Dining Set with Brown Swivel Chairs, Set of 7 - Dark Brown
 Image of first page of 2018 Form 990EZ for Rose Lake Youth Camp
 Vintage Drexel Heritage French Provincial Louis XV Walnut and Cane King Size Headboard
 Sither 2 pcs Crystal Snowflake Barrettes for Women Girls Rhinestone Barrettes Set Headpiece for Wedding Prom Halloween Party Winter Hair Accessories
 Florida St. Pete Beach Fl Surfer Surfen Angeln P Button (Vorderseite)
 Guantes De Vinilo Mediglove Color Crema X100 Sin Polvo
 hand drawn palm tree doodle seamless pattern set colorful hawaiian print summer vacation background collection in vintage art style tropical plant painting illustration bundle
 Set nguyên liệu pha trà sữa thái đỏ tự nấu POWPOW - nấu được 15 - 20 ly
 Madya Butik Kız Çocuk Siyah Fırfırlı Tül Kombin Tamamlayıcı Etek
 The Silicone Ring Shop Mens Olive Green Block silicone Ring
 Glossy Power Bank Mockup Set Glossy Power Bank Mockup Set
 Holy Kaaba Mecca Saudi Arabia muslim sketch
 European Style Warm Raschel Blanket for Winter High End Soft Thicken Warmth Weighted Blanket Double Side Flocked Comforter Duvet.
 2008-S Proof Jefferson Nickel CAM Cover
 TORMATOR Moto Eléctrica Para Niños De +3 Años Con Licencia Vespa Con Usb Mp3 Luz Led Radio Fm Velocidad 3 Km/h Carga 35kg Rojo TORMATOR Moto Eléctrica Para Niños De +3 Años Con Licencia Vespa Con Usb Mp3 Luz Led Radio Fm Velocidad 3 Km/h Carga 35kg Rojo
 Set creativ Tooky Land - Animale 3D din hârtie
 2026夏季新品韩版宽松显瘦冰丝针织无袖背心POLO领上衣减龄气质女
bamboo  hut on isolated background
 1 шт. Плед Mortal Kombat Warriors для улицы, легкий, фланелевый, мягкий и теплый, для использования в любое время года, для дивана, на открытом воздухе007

:::

- EXERCISE AIM -
Lines with the word "Winter": copy each one from the data above.

- ANSWER BOX -
 Sither 2 pcs Crystal Snowflake Barrettes for Women Girls Rhinestone Barrettes Set Headpiece for Wedding Prom Halloween Party Winter Hair Accessories
 European Style Warm Raschel Blanket for Winter High End Soft Thicken Warmth Weighted Blanket Double Side Flocked Comforter Duvet.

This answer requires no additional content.